Dün akşam (12 Nisan) Türkiye Yayıncılar Birliği’nin 1995’ten beri her yıl “Bu yıl son olsun” diyerek verdiği Düşünce ve İfade Özgürlüğü Ödülleri’nin töreni vardı. Yapı Kredi Kültür Sanat’taki törende ‘Yayınevi Ödülü’ Günışığı Kitaplığı’na, ‘Yazar Ödülü’ de PEN Türkiye ve Türkiye Yazarlar Sendikası’na gitti. Kitabevi Emek Ödülü’ne ise Malatya Fidan Kitabevi layık görüldü.
Kurum bir de Yayınlama Özgürlüğü 2022 Raporu tanıttı. Törene çok sayıda yazar ve gazeteci katıldı.

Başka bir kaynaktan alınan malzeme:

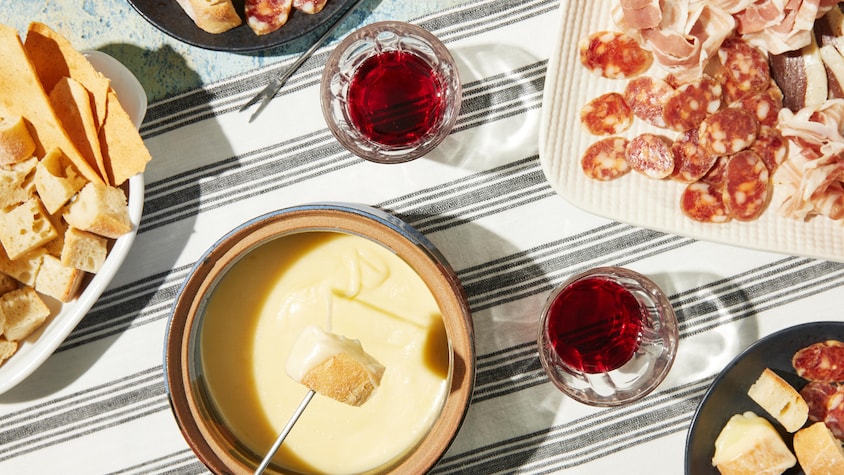 Une casserole de fondue au fromage accompagnée de plats de charcuteries.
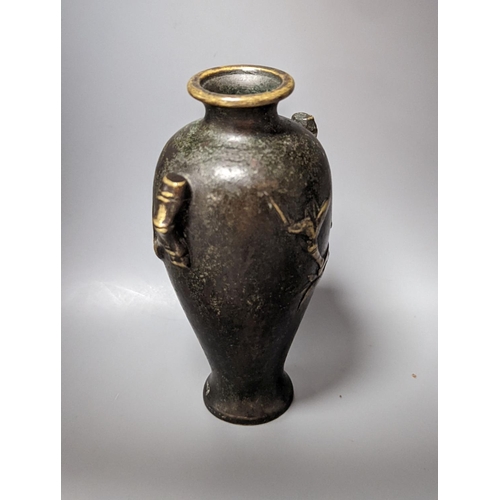 510 - A Chinese bronze vase, 12cm., and an Islamic pierced brass lamp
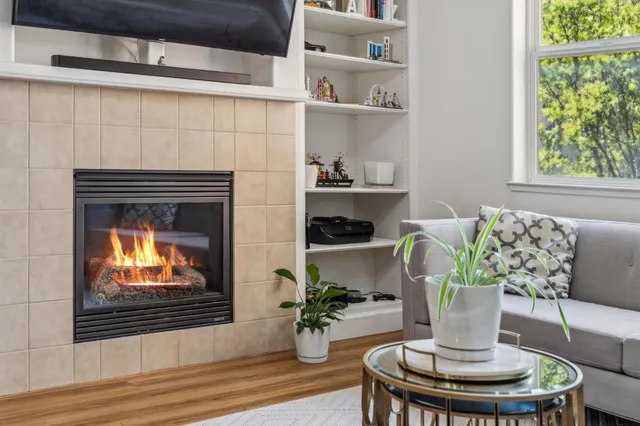a living room with furniture and a fireplace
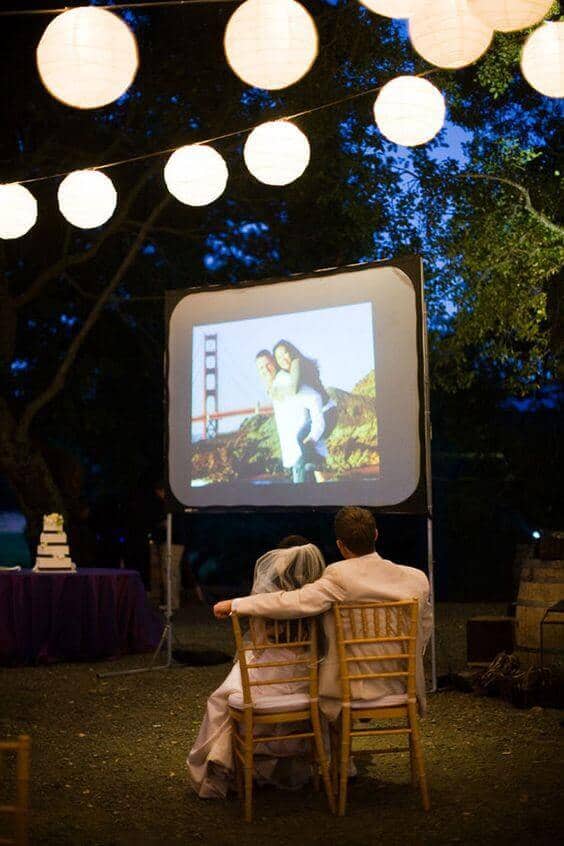 Bride and groom seated on Chiavari chairs, watching a slideshow under glowing paper lanterns at an outdoor evening wedding.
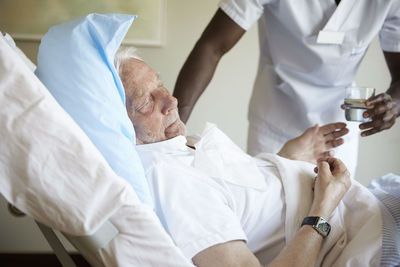 Midsection of male nurse giving drinking water to senior man in hospital ward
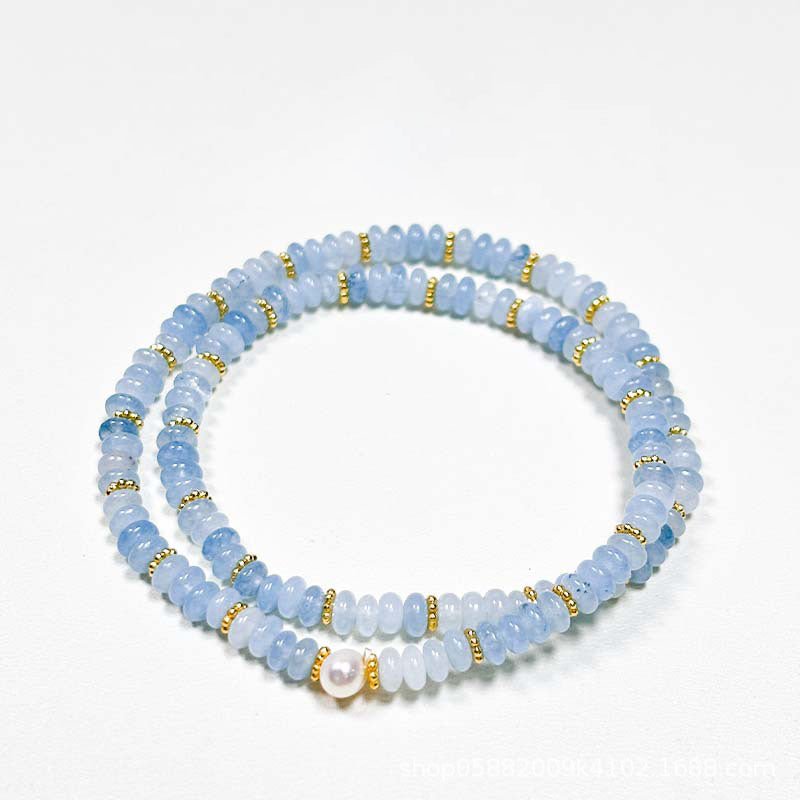 Double wrap bracelet with baroque pearls, crystals, rose quartz for love, and aquamarine for communication.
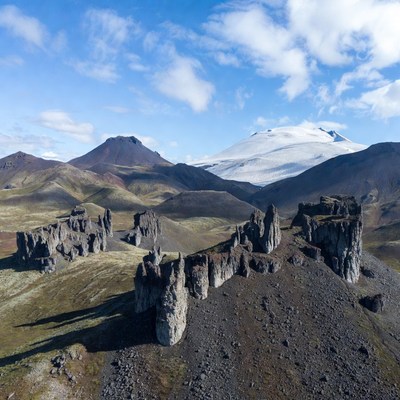 Volcanic Rock Formations Snow-Capped Mountain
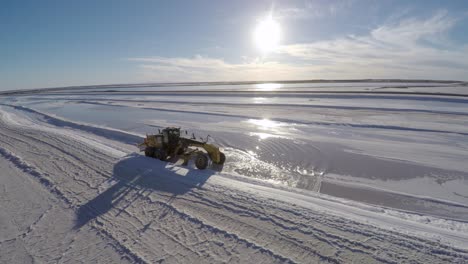 Aerial-drone-shot-of-a-traktor-separating-salt-to-be-harvested-in-the-salt-flats-by-solar-evaporation-in-Guerrero-Negro,-Ojo-de-Liebre-lagoon,-Biosphere-Reserve-of-El-Vizcaino,-Baja-California-Sur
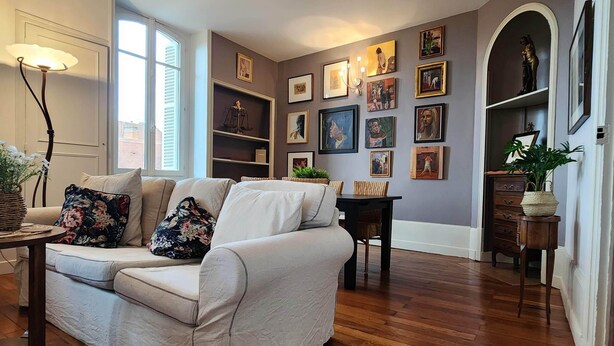 Una sala de estar con un sofá blanco, piso de madera y una pared decorada con obras de arte enmarcadas.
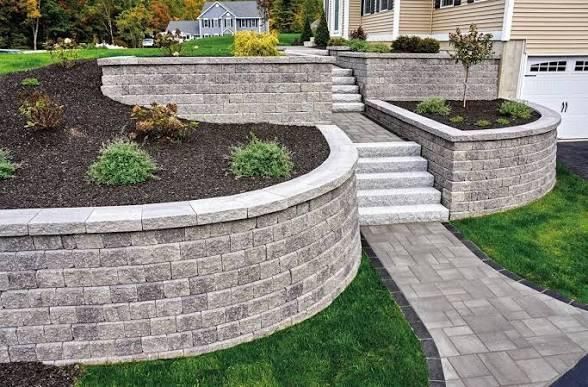Stone retaining walls and stairs leading to a house, with landscaped beds and a paved walkway.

Törenin açılış konuşmasını Türkiye Yayıncılar Birliği Başkanı ve Uluslararası Yayıncılar (IPA) Yönetim Kurulu Üyesi Kenan Kocatürk yaptı. Kocatürk konuşmasında başta okuma kültürü olmak üzere düşünme, okuma ve yazma özgürlüğünün hayatın temeline yerleşmesi gerektiğini dile getirdi.
Yayıncılığın her yıl katlanarak artan sorunlarla karşı karşıya olduğunu söyleyen Kocatürk “Kitap dünyamız, gittikçe artan ve bu yıl artık sektörümüzde olumsuz sonuçlarını çok somut biçimde gördüğümüz ağır ekonomik koşulların yanı sıra, okumayı ve yazmayı son derece zorlaştıran; düşünmeye, söz söylemeye, üretime engel olan sansürle ve kaçınılmaz olarak büyüyen ve hatta artık içselleşmeye başlayan oto sansürle sürekli olarak mücadele ediyor.” dedi.

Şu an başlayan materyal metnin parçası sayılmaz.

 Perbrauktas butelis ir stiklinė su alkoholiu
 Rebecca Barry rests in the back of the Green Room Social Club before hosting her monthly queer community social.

Türkiye’deki yasaklarla beraber iktidarı eleştiren Kocatürk, 2022’den örnekler verdi. “Bu rapor döneminde özellikle öne çıkan bir başka konu ise, sansürün ve yasakların yalnızca yayıncılıkta değil, tüm kültür sanat alanlarında büyük ölçüde artmış olması oldu. Engellenen konserler, film gösterimleri, tiyatrolar; kıyafetleri nedeniyle ‘uygun bulunmayan’ kadın şarkıcılar, çevrimiçi şarkı listelerine verilen isimler nedeniyle açılan soruşturmalar... Tüm bunlar, ifade özgürlüğünün yaşamsal alanların pek çoğunda giderek daha fazla kısıtlanmakta olduğunu gösterdi” diye konuştu.

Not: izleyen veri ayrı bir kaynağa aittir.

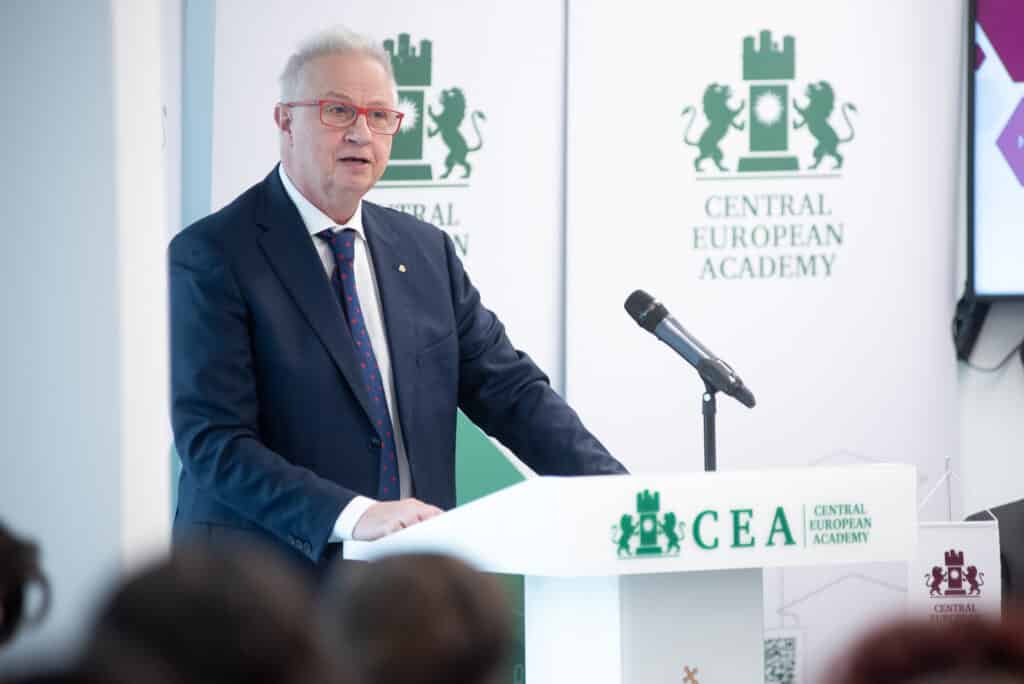 Előadó férfi prezentál a CEA pódiumán, háttérben kivetítővel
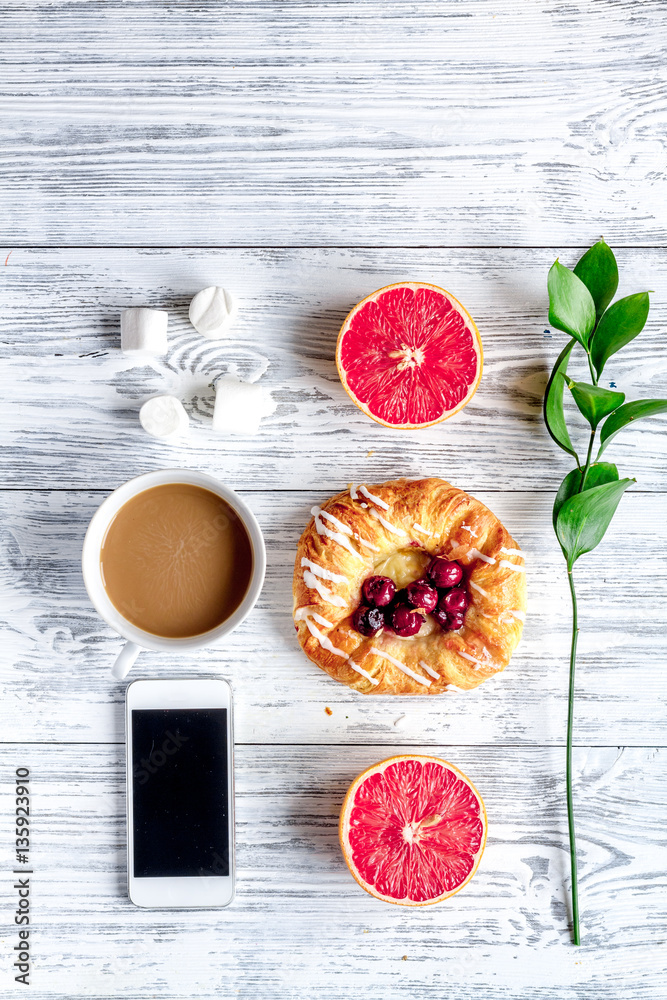 Breakfast concept with flowers on wooden background top view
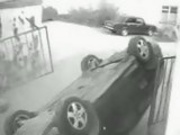 Woman Flips Car Through Gate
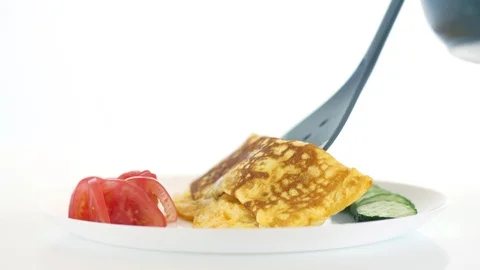Transferring an omelette to a dish Stock Footage 89426638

Kocatürk “Herkesin kanaat ve ifade özgürlüğüne hakkı vardır; bu hak, müdahale olmaksızın kanaat taşıma ve herhangi bir yoldan ve ülke sınırlarını gözetmeksizin bilgi ve fikirlere ulaşmaya çalışma, onları edinme ve yayma serbestliğini de kapsar” sözleriyle de İnsan Hakları Evrensel Bildirgesi’nin 19. maddesini hatırlattı.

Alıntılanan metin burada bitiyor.